Exercise material –
[Start of section]

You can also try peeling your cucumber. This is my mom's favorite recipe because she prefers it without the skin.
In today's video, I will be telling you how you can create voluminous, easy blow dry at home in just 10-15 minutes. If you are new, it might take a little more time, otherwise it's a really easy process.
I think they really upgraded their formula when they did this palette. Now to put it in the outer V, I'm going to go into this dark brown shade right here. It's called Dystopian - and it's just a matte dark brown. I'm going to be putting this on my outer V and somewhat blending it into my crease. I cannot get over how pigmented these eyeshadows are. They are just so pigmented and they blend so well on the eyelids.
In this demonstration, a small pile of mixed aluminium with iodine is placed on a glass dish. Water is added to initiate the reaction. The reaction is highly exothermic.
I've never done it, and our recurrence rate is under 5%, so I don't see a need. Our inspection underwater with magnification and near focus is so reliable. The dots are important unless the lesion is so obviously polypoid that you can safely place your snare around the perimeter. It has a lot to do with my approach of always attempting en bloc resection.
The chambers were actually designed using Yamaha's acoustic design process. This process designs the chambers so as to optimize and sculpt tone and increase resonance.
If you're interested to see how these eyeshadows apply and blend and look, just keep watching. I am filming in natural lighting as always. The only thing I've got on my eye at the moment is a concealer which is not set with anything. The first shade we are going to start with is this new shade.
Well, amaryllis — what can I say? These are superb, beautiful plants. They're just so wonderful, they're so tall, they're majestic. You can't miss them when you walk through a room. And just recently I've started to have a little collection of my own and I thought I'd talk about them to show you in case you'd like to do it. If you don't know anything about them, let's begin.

[End of section]
[Start of section]

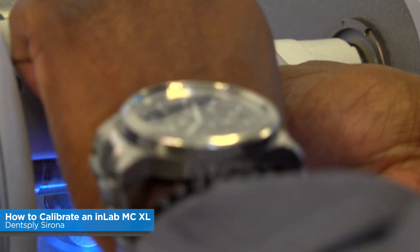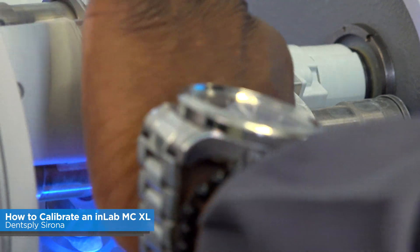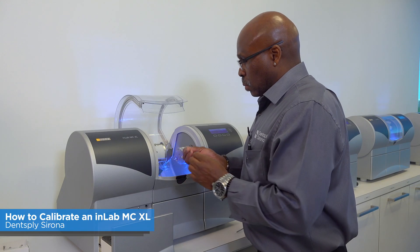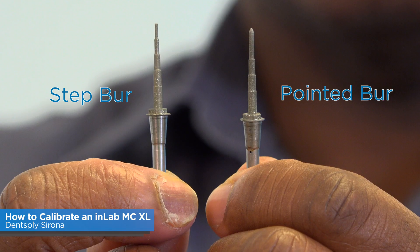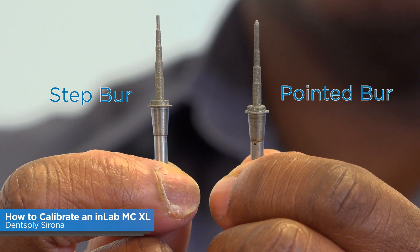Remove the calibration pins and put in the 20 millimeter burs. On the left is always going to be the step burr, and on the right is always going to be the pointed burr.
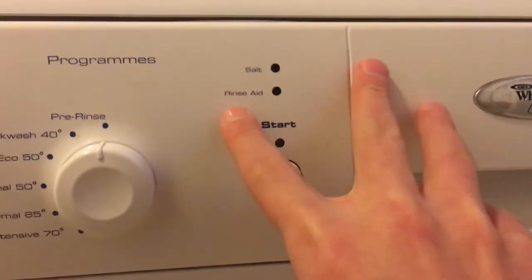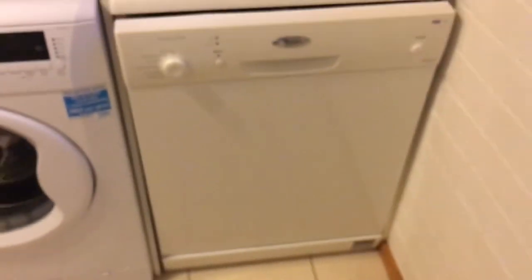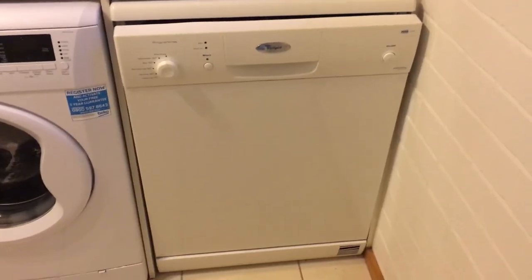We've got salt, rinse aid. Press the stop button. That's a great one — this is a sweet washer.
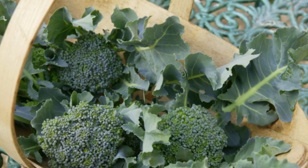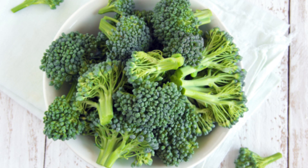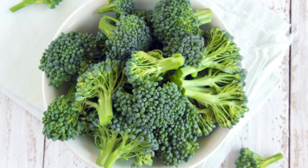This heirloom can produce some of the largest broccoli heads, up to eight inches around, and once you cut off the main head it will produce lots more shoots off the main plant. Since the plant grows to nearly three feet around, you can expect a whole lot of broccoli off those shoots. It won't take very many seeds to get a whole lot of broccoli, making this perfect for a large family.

[End of section]

Assigned task – Reproduce verbatim only the segment of the listing bounded by the line containing "You can also" and the line containing "In this demonstration, a", with both boundary lines included.

Task result –
You can also try peeling your cucumber. This is my mom's favorite recipe because she prefers it without the skin.
In today's video, I will be telling you how you can create voluminous, easy blow dry at home in just 10-15 minutes. If you are new, it might take a little more time, otherwise it's a really easy process.
I think they really upgraded their formula when they did this palette. Now to put it in the outer V, I'm going to go into this dark brown shade right here. It's called Dystopian - and it's just a matte dark brown. I'm going to be putting this on my outer V and somewhat blending it into my crease. I cannot get over how pigmented these eyeshadows are. They are just so pigmented and they blend so well on the eyelids.
In this demonstration, a small pile of mixed aluminium with iodine is placed on a glass dish. Water is added to initiate the reaction. The reaction is highly exothermic.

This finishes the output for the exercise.